Looking at the vertebrae that make up the cervical spine, one might think that it was a delicate, fragile construction.
In fact, the cervical spine holds the weight of the head and allows for flexion, extension, lateral flexion, and rotation. Taken together, those six movements make up an impressive range of motion (ROM). However, as all practiced chiropractors know, the cervical spine can also be a source of pain for patients.
Patients who experience a loss of ROM may have problems with the cervical spine. Healthline.com lists 20 conditions that can limit range of motion, many of which can impact cervical spine ROM, as some conditions, such as arthritis, can affect multiple joints in the body, including those in the neck.1
There are many reasons a chiropractor may choose to provide instrument-assisted adjustments for patients with limited ROM of the cervical spine. Considering the on-going debate regarding cervical spine manipulative therapy and the possibility of vertebrobasilar stroke, choosing a gentler method may be a better choice, especially for adults over 60 years old.
Leaving the debate surrounding cervical spine manipulation and the risk of stroke aside, practitioners may find the lower force associated with instrument adjustments preferable for a number of other reasons. For instance, patient comfort may be a consideration. If a person has limited ROM, a high-velocity manipulation may temporarily increase the pain level. The lower force adjustment delivered with an instrument may be preferable in such a case.
Spring loaded or electromagnetic instruments are often the tool of choice for those who wish to use lower force to make an adjustment. These tools allow for a high degree of precision and often allow the chiropractor to control the amount of force applied. Patients who are uncomfortable with a cervical adjustment or those who have conditions that require a lower force adjustment, such as arthritis, may benefit from the use of a handheld instrument.

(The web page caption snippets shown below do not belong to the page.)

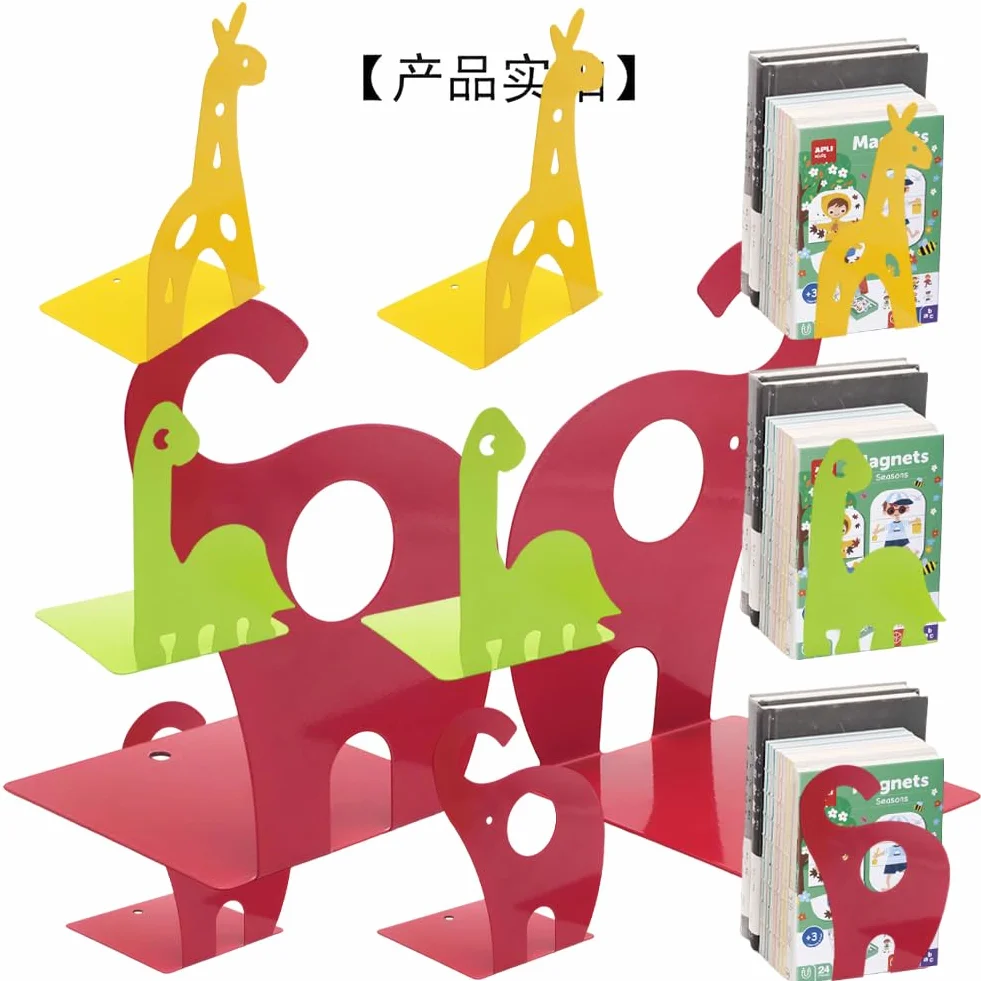 6 fermalibri per bambini, motivo: animali (elefante, dinosauro, giraffa) con base antiscivolo e bordi arrotondati, fermalibri colorati per scuola, cameretta dei bambini e casa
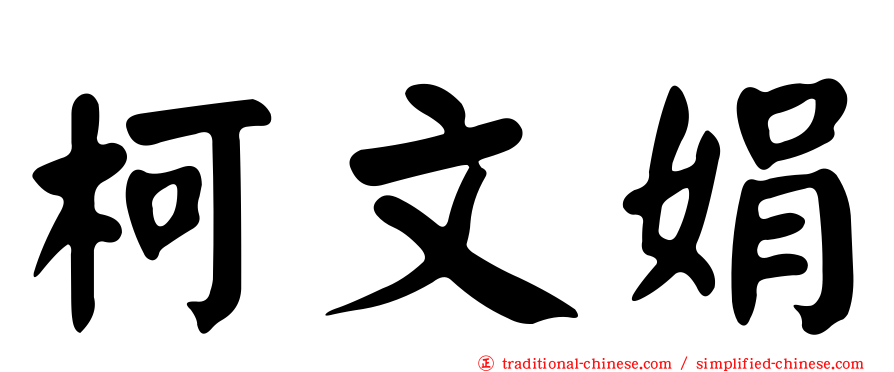 柯文娟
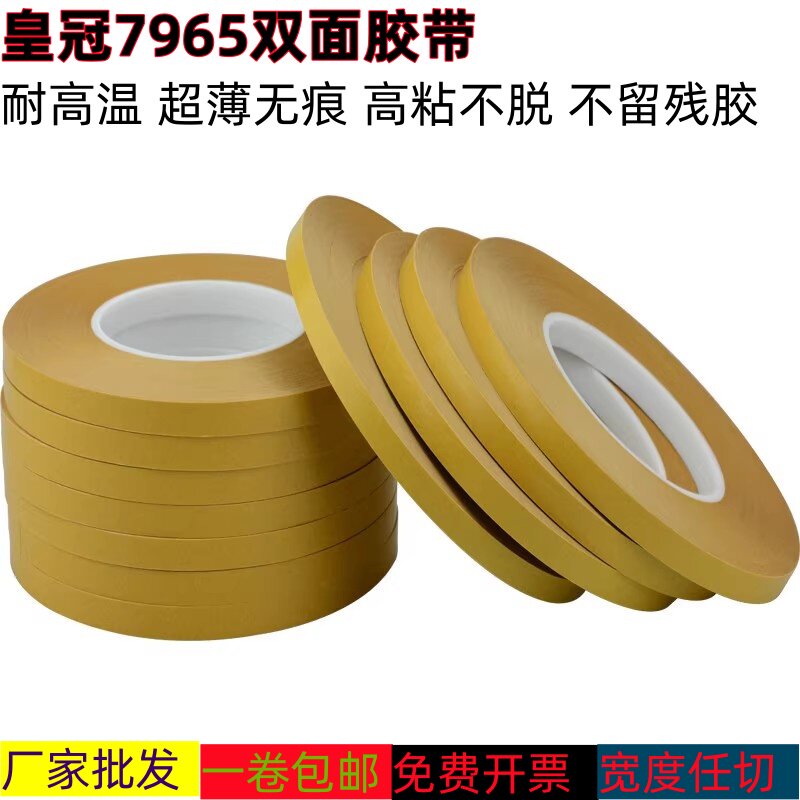 7965超薄高粘度PET透明双面胶带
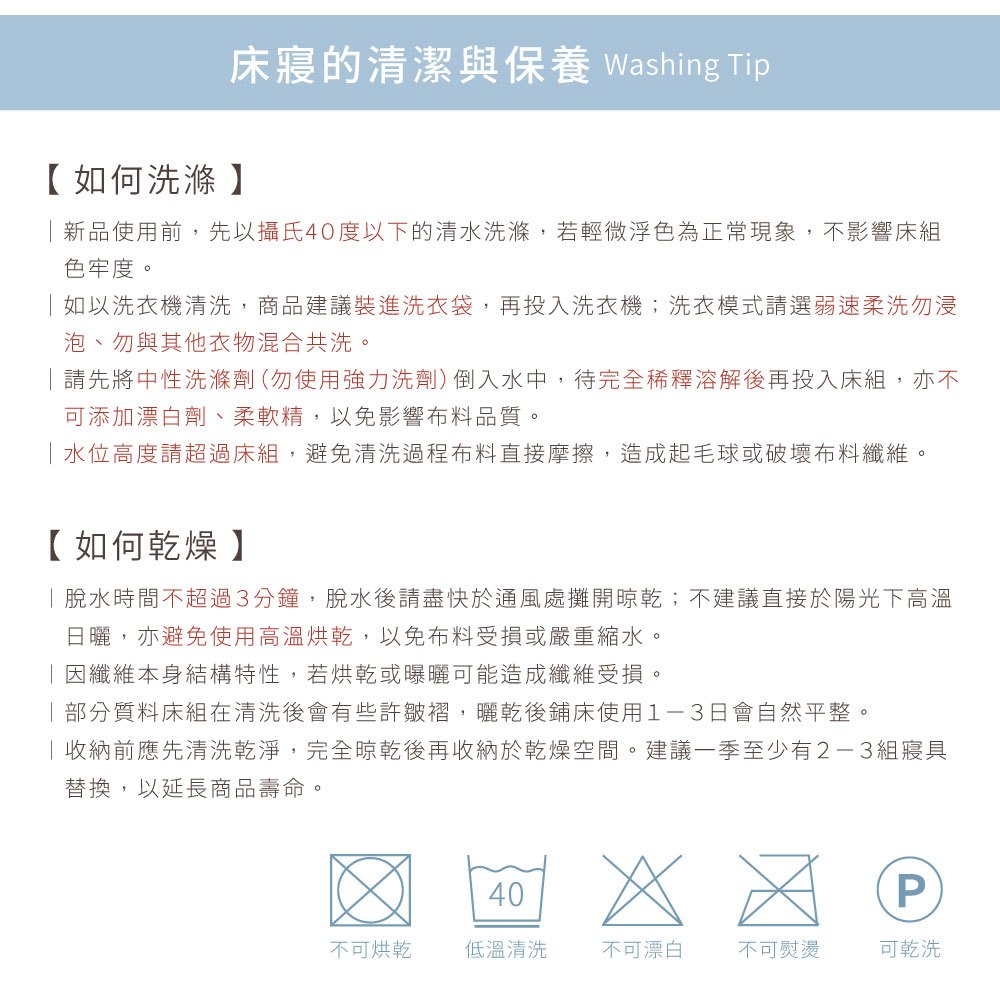 【DUYAN 竹漾】法蘭絨 單人/雙人/加大 床包兩用毯被組 / 肯亞大地, , large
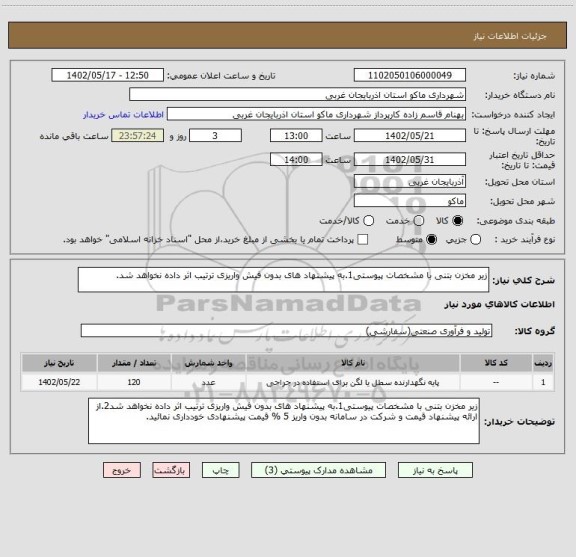 استعلام زیر مخزن بتنی با مشخصات پیوستی1.به پیشنهاد های بدون فیش واریزی ترتیب اثر داده نخواهد شد.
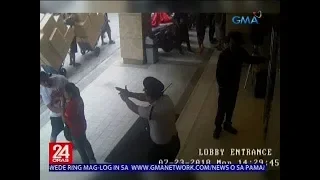 Lalaking nanduro at nagmura dahil sa parking, patay sa pamamaril ng guwardiyang napuno raw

Depending on the cause, a patient’s treatment plan may call for soft tissue mobilization to restore normal ROM. Patients with trigger points often experience limited ROM, and the neck is commonly the site of trigger point pain—some instruments include settings for trigger point therapy.2
More complex instruments, such as those that provide a computer analysis of adjustments, could be even more beneficial when the cervical spine is involved. Such instruments deliver the necessary adjustments, often with either preset protocols or through protocols the DC manually inputs, and provides a detailed analysis of the changes brought about by the adjustment. More information about a patient’s condition and the impact of treatment provided gives the chiropractor a clearer picture of how to continue treating the patient. Often, such adjustments also include patient education materials and reports that can help patients understand how their own treatment is progressing.
1 O’Connell K. “What causes limited range of motion? 20 possible conditions.” Healthline.com. http://www.healthline.com/symptom/limited-range-of-motion. Reviewed September 2012. Accessed January 2015.
2 Alvarez D, Rockwell P. “Trigger Points: Diagnosis and Management.” Am Fam Physician. 2002:65(4);653–661.